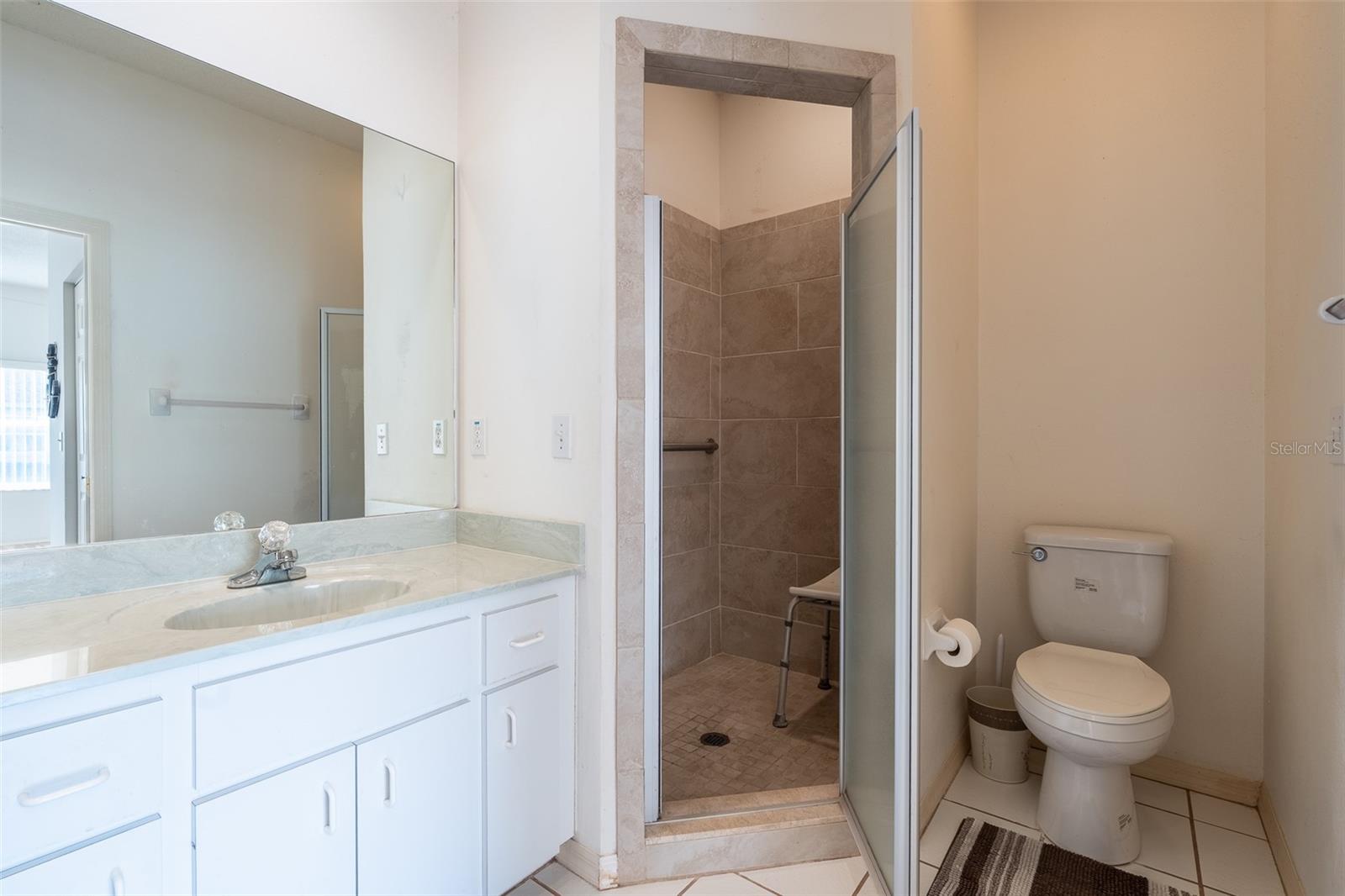 ON TOP/THE WORLD PH 01A SEC 02A - Residential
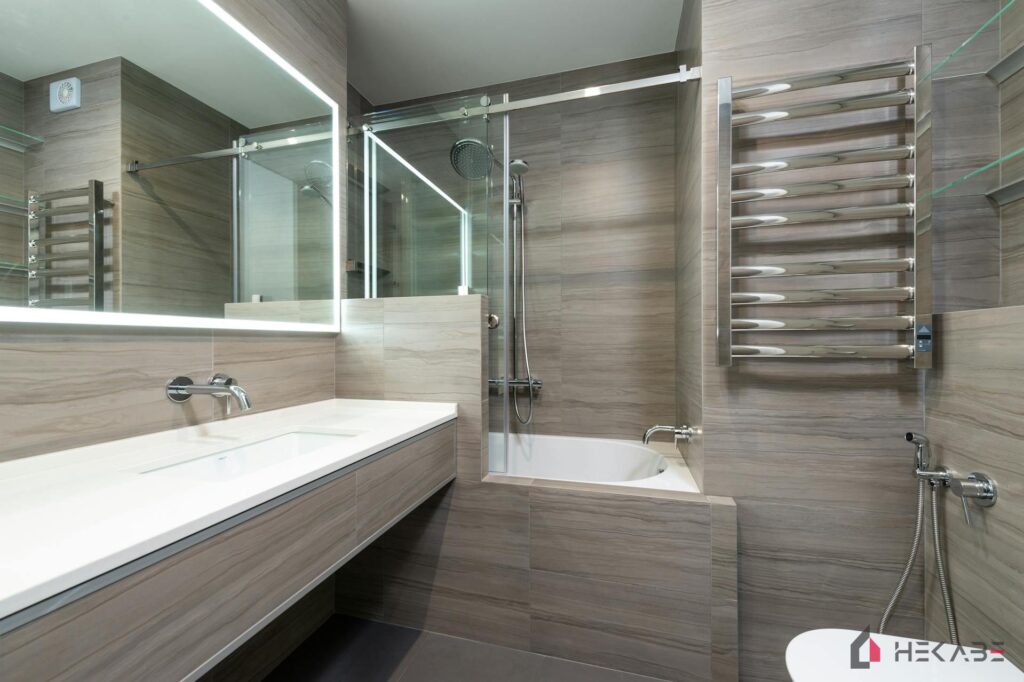 Łazienka Franciszkańska Katowice — projekt Hekabe, wykończenia wnętrz premium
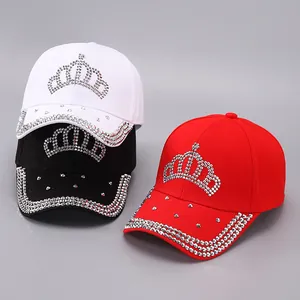 Vue détaillée de casquettes en coton blanc, noir et rouge avec couronne de strass luxe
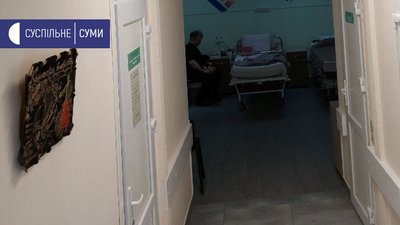 У Сумах провели першу в області операцію з чистки коронарної артерії серця У Сумах провели першу в області операцію з чистки коронарної артерії серця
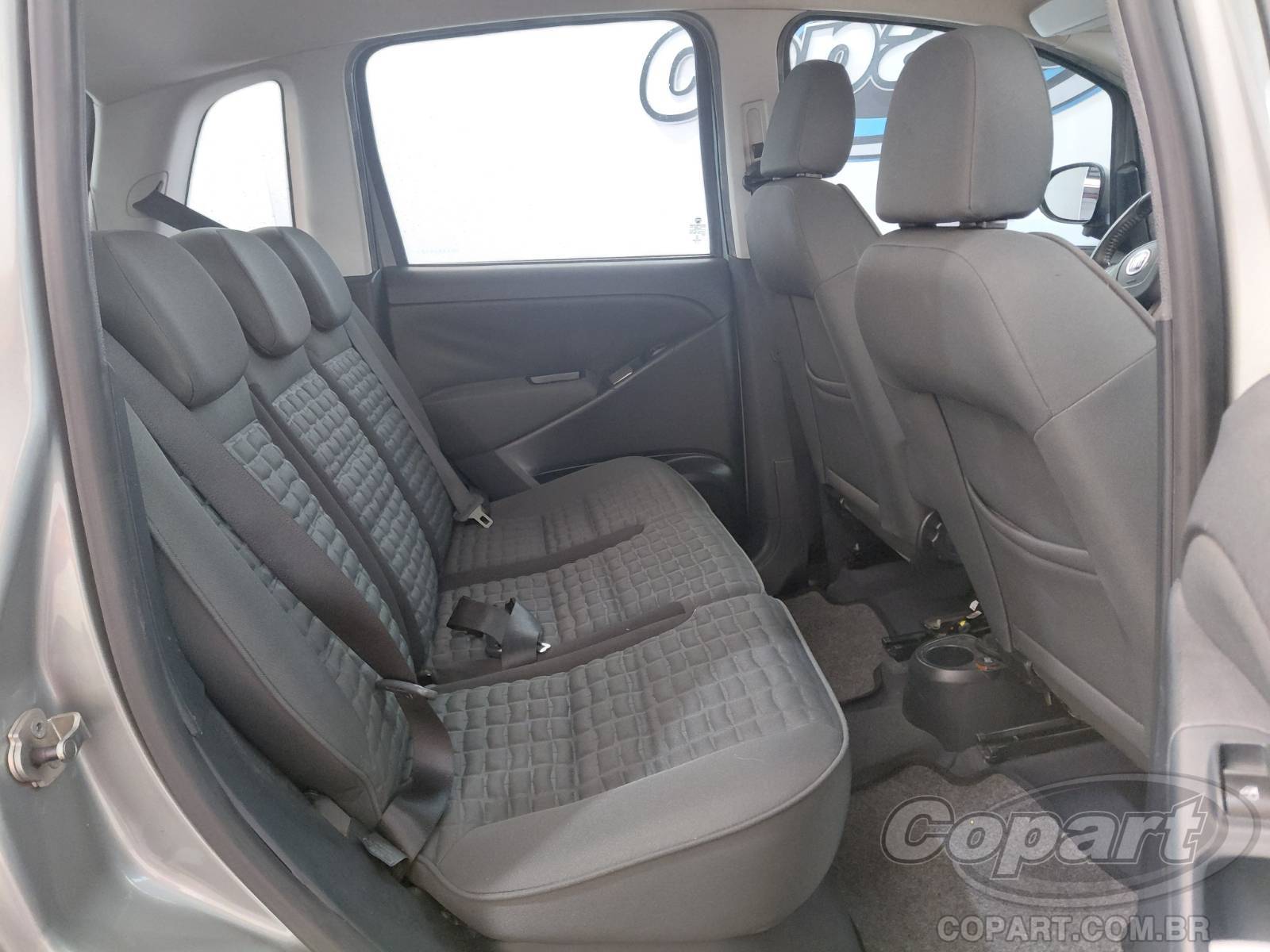 Foto 6 de 10: 2016 FIAT IDEA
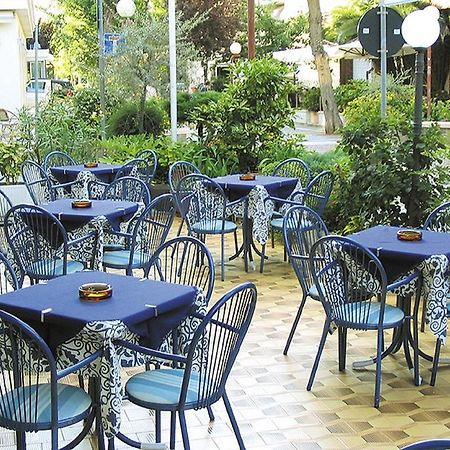 Hotel Aquila D'Oro ミザーノ・アドリアーティコ エクステリア 写真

# Exercise requirements
Repeat all of the entries word for word, but omit the pictures.

# Written answer
 ON TOP/THE WORLD PH 01A SEC 02A - Residential
 Łazienka Franciszkańska Katowice — projekt Hekabe, wykończenia wnętrz premium
 Vue détaillée de casquettes en coton blanc, noir et rouge avec couronne de strass luxe
 У Сумах провели першу в області операцію з чистки коронарної артерії серця У Сумах провели першу в області операцію з чистки коронарної артерії серця
 Foto 6 de 10: 2016 FIAT IDEA
 Hotel Aquila D'Oro ミザーノ・アドリアーティコ エクステリア 写真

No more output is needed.